== DATASET CONTENT ==

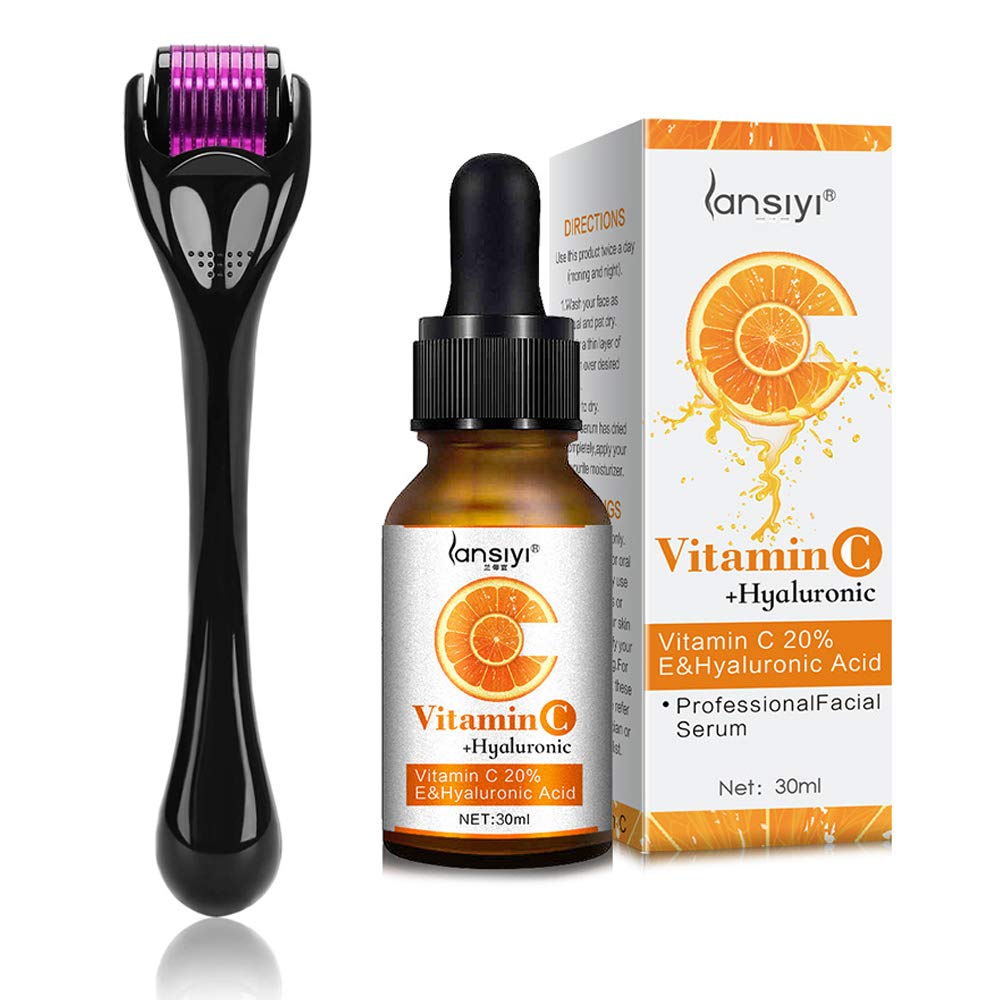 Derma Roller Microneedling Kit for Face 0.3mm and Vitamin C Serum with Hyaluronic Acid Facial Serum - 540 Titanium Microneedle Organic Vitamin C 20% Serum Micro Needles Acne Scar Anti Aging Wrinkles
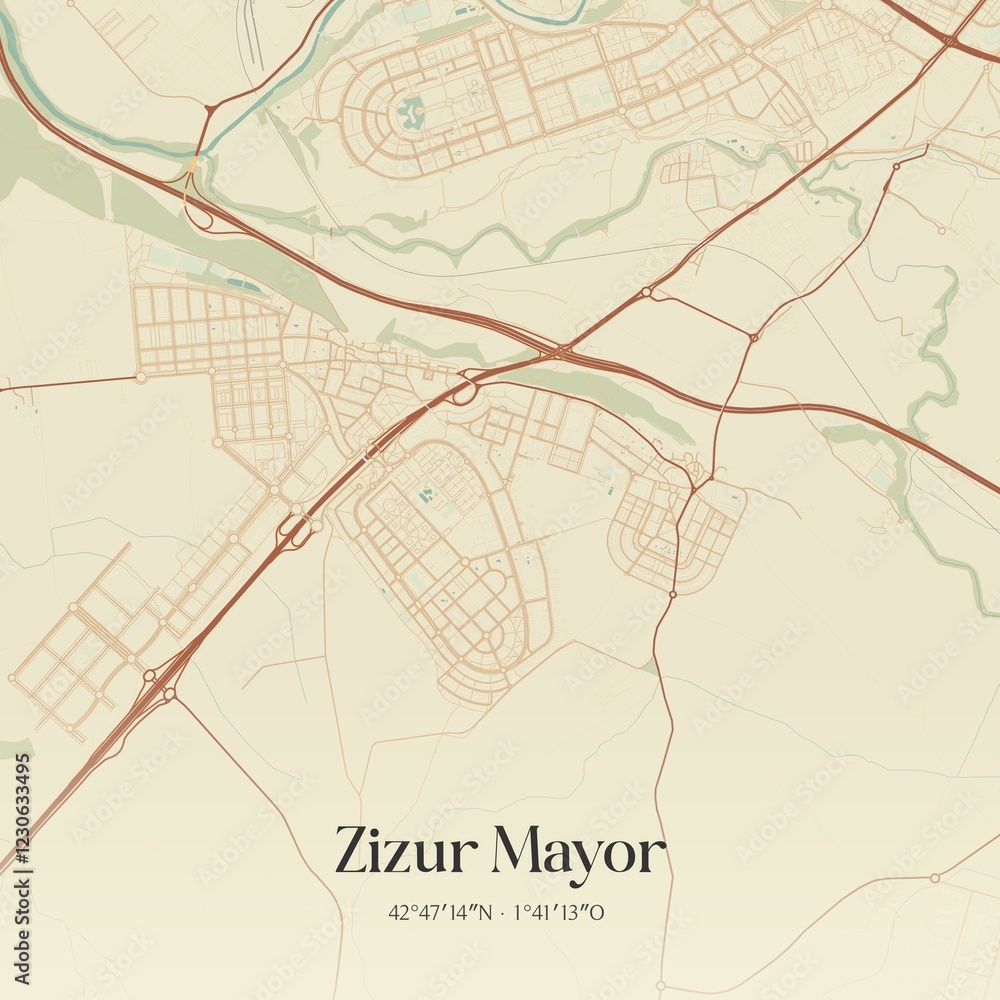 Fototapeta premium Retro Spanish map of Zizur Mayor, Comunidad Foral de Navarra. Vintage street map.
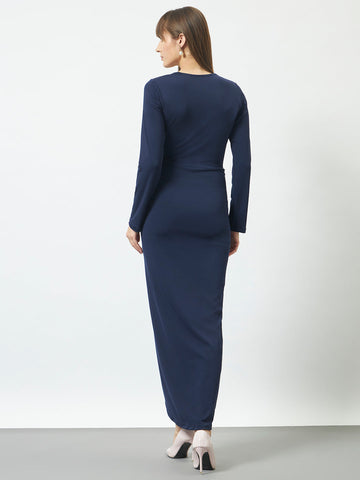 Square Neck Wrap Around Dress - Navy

===

▸ WORK TASK
Please print the line that contains "Fototapeta premium Retro" along with every later line of the material, exactly, through the last one. Leave pictures out of the copy.

▸ SOLUTION TO THE EXERCISE
 Fototapeta premium Retro Spanish map of Zizur Mayor, Comunidad Foral de Navarra. Vintage street map.
 Square Neck Wrap Around Dress - Navy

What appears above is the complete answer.